The Willowbrook Ballroom was a dance ballroom and banquet facility located in Willow Springs, Illinois, along Archer Avenue. It was founded in 1921 by John Verderbar and named Oh Henry Park.

The Willowbrook Ballroom is often cited as the last place Resurrection Mary danced before her death. Her ghost is said to appear at the ballroom at times, dancing with the patrons.

On Friday, October 28, 2016, the Ballroom was gutted by a fire. The building was having work done on the roof where the fire was suspected of starting. Due to water pressure issues the fire department had to wait on tanker trucks, which caused a delay in getting the fire under control.

== History ==
Founded in 1921 by John Verderbar, an industrious Austrian immigrant. Verderbar purchased 5 acre along wooded Archer Ave. He planned to build a peaceful weekend home.

His son, Rudy Verderbar, was one of the throngs of young people who danced at the nearly 400 ballrooms and dance halls that thrived in the Chicago area during the mid-to-late 1910s. After dancing in an outdoor pavilion in Michigan, Rudy waged a relentless campaign to scrap the idea of a summer home and build an outdoor dance pavilion. After some research, his father agreed, and in 1921, the all wooden Oh Henry Park was built. It proved so popular, in 1923, the open-air pavilion was enlarged and a new 10-cents-a-dance policy was implemented. The ballroom was supposedly named after the Oh Henry candy bar, manufactured in Chicago by the Williamson Candy Company, who paid Verderbar for the naming rights.

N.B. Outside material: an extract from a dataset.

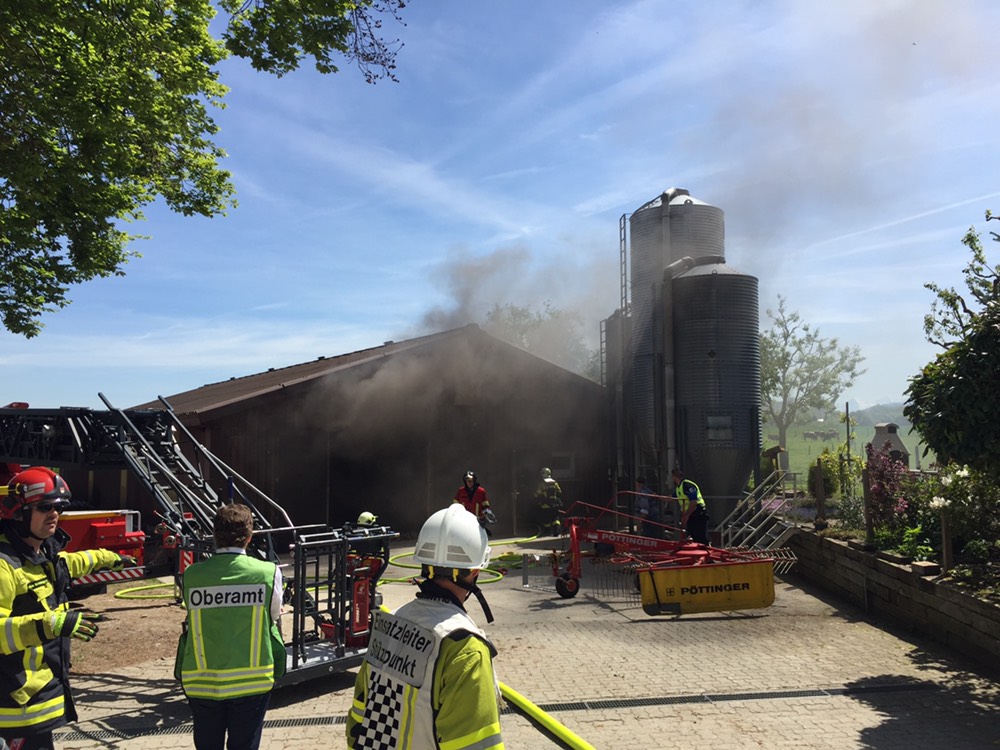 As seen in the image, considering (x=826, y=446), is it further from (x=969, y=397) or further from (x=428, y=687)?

In 1930, the pavilion was destroyed in a devastating fire. Verderbar quickly assembled a team of 200 carpenters to construct an enormous outdoor dance floor in time for the next Saturday night. The remaining ten weeks of Oh Henry’s 1930 dance season drew even bigger crowds due to massive publicity touting the romantic aspects of "dancing under the stars."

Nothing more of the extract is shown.